_ACTIVITY_.
Would you write out each line of the material below exactly, skipping every picture?

_DATA EXCERPT_.

/---

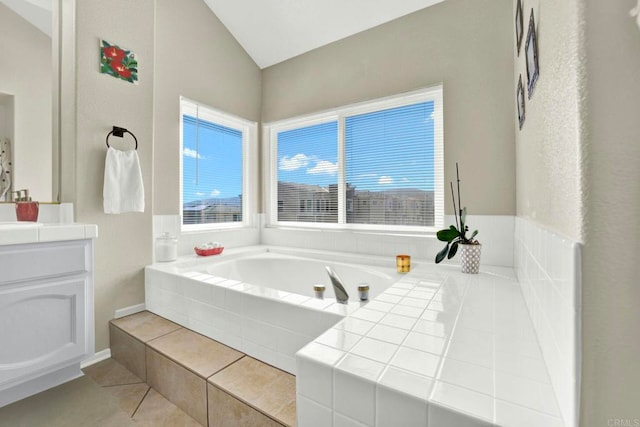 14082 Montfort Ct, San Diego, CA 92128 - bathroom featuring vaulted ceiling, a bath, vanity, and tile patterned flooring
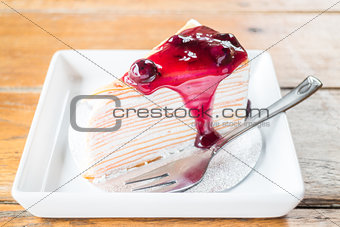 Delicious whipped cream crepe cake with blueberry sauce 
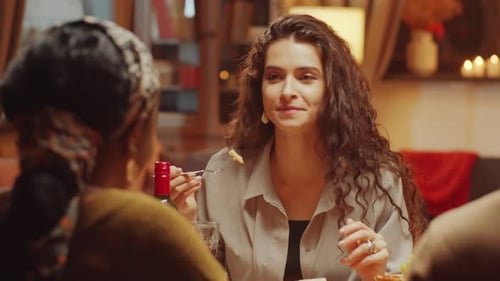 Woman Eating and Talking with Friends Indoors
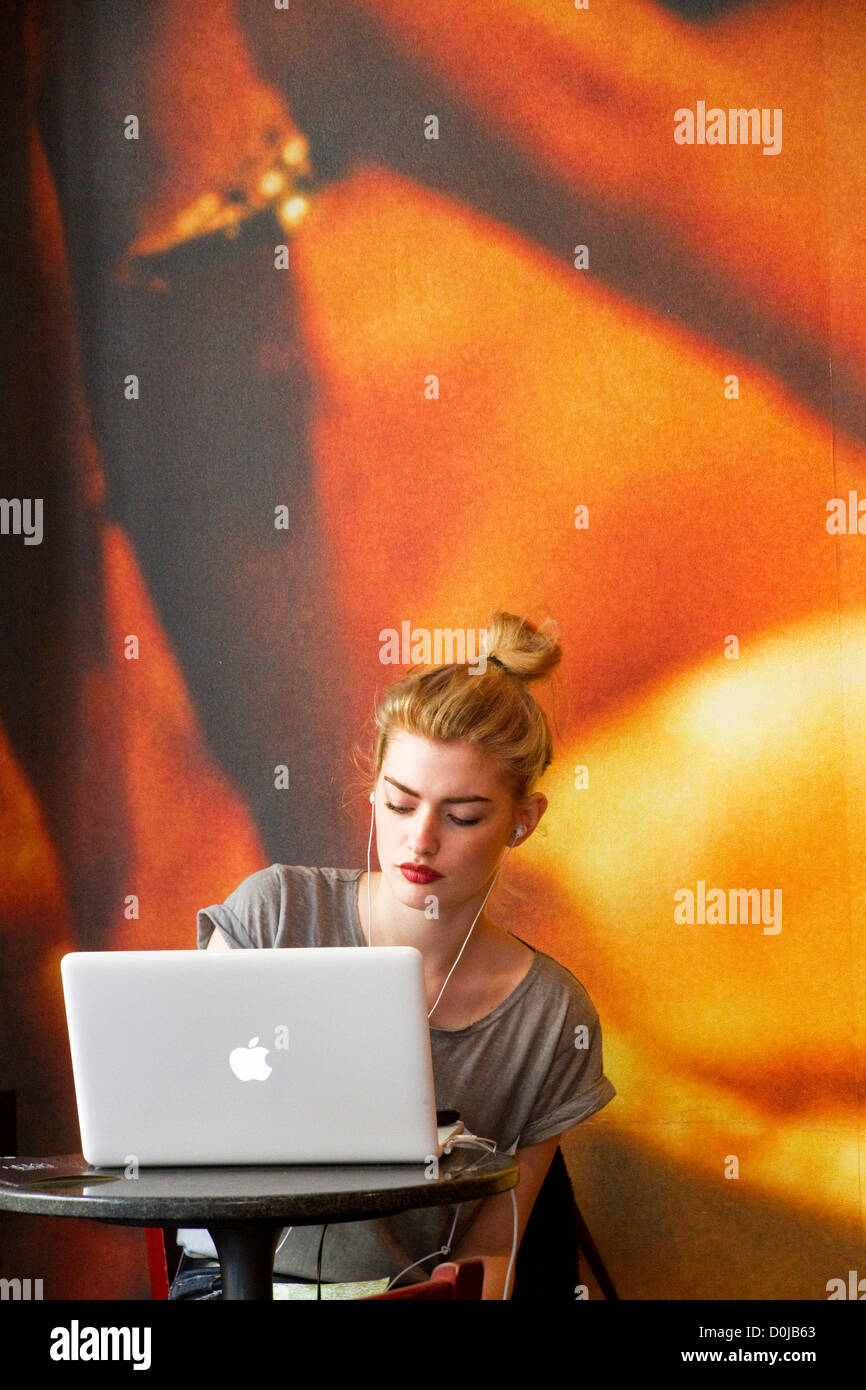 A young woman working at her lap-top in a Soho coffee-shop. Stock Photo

\---

_ANSWER TO THIS EXERCISE_.
 14082 Montfort Ct, San Diego, CA 92128 - bathroom featuring vaulted ceiling, a bath, vanity, and tile patterned flooring
 Delicious whipped cream crepe cake with blueberry sauce 
 Woman Eating and Talking with Friends Indoors
 A young woman working at her lap-top in a Soho coffee-shop. Stock Photo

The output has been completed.